We also record an allowance for all customers based on certain other factors,
including the length of time the receivables are past due and historical
collection experience with customers. We believe our reported allowances are
adequate. If the financial conditions of those customers were to deteriorate,
however, resulting in their inability to make payments, we may need to record


-21-


additional allowances which would result in additional general and
administrative expenses being recorded for the period in which such
determination was made.

Warranty Reserves:

We accrue the estimated costs to be incurred in performing warranty services at
the time of revenue recognition and shipment of the products to OEMs.
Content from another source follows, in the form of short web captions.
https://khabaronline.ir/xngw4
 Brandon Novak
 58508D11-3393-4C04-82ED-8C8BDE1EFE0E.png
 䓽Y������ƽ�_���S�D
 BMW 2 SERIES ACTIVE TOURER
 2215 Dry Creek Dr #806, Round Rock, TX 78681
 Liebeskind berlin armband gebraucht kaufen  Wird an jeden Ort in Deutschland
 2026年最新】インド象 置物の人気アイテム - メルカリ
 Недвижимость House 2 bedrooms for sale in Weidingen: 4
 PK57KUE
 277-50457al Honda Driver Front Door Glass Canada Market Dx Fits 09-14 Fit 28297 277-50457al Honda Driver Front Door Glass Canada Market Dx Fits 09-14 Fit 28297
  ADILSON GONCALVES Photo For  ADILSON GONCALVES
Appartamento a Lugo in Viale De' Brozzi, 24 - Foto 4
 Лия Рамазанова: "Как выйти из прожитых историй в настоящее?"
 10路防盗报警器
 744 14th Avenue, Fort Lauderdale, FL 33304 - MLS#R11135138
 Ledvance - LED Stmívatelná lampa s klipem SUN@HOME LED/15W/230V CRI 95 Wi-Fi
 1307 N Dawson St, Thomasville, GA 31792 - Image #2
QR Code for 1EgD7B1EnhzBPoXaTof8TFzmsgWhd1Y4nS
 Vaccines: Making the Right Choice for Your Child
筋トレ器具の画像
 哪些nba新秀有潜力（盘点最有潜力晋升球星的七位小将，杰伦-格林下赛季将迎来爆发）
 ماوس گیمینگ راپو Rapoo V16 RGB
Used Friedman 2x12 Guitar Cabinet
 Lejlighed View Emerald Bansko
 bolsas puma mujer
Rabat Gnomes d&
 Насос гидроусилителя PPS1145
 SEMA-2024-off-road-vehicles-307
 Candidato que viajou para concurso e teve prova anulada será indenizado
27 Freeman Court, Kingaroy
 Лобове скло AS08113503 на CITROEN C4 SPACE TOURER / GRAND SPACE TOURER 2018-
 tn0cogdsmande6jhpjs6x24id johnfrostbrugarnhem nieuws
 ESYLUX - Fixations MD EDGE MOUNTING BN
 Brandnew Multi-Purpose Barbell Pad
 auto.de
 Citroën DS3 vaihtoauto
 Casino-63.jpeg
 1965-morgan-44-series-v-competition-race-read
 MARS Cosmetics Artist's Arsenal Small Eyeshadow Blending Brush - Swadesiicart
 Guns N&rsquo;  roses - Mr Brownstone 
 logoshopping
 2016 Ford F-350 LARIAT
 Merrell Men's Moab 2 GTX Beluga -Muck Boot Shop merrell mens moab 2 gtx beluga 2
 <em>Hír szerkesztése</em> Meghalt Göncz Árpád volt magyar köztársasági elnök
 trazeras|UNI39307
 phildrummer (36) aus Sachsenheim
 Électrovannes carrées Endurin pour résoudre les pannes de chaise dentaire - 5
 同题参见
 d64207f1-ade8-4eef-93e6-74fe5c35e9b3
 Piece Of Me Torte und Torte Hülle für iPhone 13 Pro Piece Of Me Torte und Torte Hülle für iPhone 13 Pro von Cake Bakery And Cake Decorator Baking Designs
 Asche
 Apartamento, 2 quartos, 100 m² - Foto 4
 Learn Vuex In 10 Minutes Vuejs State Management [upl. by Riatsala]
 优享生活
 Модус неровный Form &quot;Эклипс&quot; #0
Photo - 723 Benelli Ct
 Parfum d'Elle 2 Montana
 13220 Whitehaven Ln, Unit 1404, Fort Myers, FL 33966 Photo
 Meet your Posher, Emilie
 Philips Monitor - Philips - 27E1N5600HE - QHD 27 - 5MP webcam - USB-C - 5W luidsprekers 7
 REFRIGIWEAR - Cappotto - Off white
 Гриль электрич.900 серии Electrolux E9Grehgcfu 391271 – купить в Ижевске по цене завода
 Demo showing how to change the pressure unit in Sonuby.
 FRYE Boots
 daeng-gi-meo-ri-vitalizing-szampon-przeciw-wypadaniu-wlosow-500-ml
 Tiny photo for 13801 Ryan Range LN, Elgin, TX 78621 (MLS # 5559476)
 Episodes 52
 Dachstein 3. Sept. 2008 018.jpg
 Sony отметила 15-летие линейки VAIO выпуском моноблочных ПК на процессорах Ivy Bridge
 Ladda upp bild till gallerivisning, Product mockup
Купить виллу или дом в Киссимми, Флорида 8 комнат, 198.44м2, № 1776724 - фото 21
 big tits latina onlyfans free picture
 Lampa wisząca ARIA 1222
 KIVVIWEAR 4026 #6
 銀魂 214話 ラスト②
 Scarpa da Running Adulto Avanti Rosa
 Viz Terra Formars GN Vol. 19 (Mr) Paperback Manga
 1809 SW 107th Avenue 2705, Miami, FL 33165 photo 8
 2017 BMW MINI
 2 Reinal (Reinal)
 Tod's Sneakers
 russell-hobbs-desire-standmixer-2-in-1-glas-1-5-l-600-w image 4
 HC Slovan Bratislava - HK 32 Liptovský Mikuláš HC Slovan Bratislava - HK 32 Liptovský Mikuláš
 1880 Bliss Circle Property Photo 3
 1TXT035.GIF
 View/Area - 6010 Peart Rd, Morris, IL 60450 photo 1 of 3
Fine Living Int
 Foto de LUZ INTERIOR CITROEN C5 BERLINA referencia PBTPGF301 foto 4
Because
there is no contractual right of return other than for defective products or
stock rotation rights by certain distributors, we can reasonably estimate such
returns and record a warranty reserve at the point of shipment. Our estimate of
costs to service our warranty obligations is based on historical experience and
expectation of future conditions. To the extent that we experience increased
warranty claim activity or increased costs associated with servicing those
claims, the warranty accrual will increase, resulting in increased COGS and
decreased gross profit margin.

Inventories:

We are exposed to a number of economic and industry factors that could result in
portions of our inventory becoming either obsolete or in excess of anticipated
usage. These factors include, but are not limited to, technological changes in
our markets, our ability to meet changing customer requirements, competitive
pressures in products and prices and the availability of key components from our
suppliers. Our policy is to establish inventory reserves when conditions exist
that suggest that our inventory may be in excess of anticipated demand or is
obsolete based upon our assumptions about future demand for our products and
market conditions. We regularly evaluate our ability to realize the value of our
inventory based on a combination of factors including the following: historical
usage rates, forecasted sales or usage, product end-of-life dates, estimated
current and future market values and new product introductions. Purchasing
practices and alternative usage avenues are explored within these processes to
mitigate inventory exposure. When recorded, our reserves are intended to reduce
the carrying value of our inventory to its net realizable value. If actual
demand for our products deteriorates, or market conditions are less favorable
than those that we project, additional inventory reserves may be required.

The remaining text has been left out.